Although inner-party machinations may be under way, Deng's transformation of China's economy has been so successful that ordinary citizens care little about politics.

"When Mao died [in 1976], most of the nation halted, pondered, and cried," said a white-collar worker in Beijing. "But few of us have time to reminisce about the wider meanings of Deng's life and death," he said. "We're too busy making money."

Any leadership power struggle would not be as important now as during the great ideological battles in China's past, says Huang Yasheng, a political science expert at the University of Michigan. "Most of the current contenders for power are cut from the same cloth, so the success of any individual will not greatly change China's fate."
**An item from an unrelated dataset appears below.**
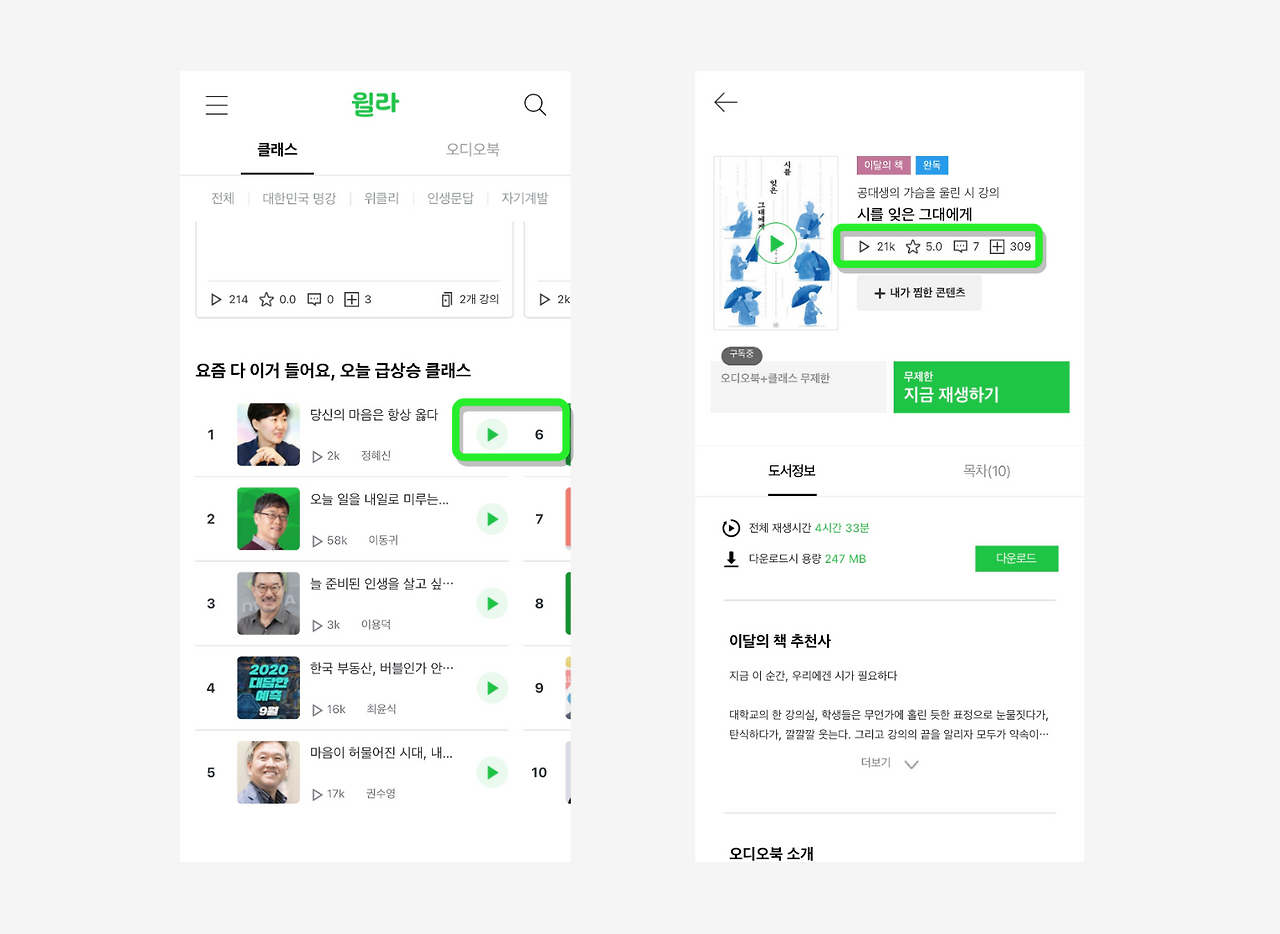 스크린샷 2020-10-16 오후 6.30.34.png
Jiang Zemin, a former mayor of Shanghai, appears to have consolidated his rule, and now carries the triple titles of president, party general secretary, and commander in chief. Yet his long-time position as Deng's apparent heir has been accompanied by a sense of foreboding in China. Few so anointed have managed to hold onto the crown for long. The precedents are many:

* Liu Shaoqi, ranked second behind Mao in the party hierarchy in the 1960s, died in prison after being tortured by Mao's Red Guards during the violent, 1965-75 Cultural Revolution.
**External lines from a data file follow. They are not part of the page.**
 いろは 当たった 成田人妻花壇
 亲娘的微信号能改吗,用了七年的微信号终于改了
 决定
* Lin Biao, who engineered Mao's personality cult and was called his closest comrade-in-arms, died in a mysterious airplane crash after allegedly plotting a coup against the chairman.

* Jiang Qing, Mao's wife and co-architect of the Cultural Revolution, lost her bid for power after Mao's death in 1976 when she was arrested in a palace coup before her armed militia could reach Beijing from Shanghai.
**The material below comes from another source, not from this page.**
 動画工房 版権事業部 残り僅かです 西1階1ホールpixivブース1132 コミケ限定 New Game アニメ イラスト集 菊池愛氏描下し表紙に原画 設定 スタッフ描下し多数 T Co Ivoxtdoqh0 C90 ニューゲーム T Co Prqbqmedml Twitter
* Hu Yaobang and Zhao Ziyang, termed the "twin pillars of economic reform" by patriarch Deng in the early 1980s, fared only slightly better.

General Secretary Hu was stripped of power for refusing to crack down on pro-democracy demonstrators in 1987, and Mr. Zhao remains under house arrest seven years after opposing the use of troops to clear Tiananmen Square in 1989.

The presence of Zhao waiting in the wings is probably only one of Jiang Zemin's worries as he plots his strategy to hold the scepters of power.

"The main dynamics of the transition may be determined by how Jiang Zemin works out relations with his fellow rulers," Professor Vogel says.

Jiang has passed the first hurdle in the succession race by having himself appointed head of the all-important Deng Xiaoping funeral committee. But many fellow committee members, representing the innermost circle of power in post-Deng China, may be seen as Jiang's rivals.

They include Yang Shangkun, former vice-head of the Central Military Commission, who currently holds only honorary posts but has had decades of experience in Army leadership. Just as Jiang's formal trappings of power will not guarantee his political longevity, so Yang's lack of official posts will not preclude him from being a major power broker in the transition, says an American analyst. Although Jiang has placed protgs in key military positions, he is the first civilian to attempt to head China's People's Liberation Army.

Qiao Shi, head of China's National People's Congress and ranked third in the hierarchy, is a political chameleon with broad ties to both the conservative and liberal factions of the party.

Until recently, Mr. Qiao headed China's secret police and overseas intelligence operations, and is therefore likely to hold dossiers on not only dissidents, but also his fellow rulers. Qiao has called for making the People's Congress the ultimate source of state authority and replacing China's personality cults with rule by law.

"Qiao is seen as a more enlightened ruler by some intellectuals, and is more likely to galvanize the country in a new era of reform," says a Chinese scholar.

Zhu Rongji, the party's financial expert, is an advocate of economic reform and political conservatism, and is therefore the closest thing to a post-Deng Deng, say some Chinese analysts. "Jiang fears Zhu's ambitiousness," says a Chinese intellectual with high government contacts. "Although he admires Zhu's talent, Jiang Zemin wants to surround himself with figures he can manipulate rather than contend with.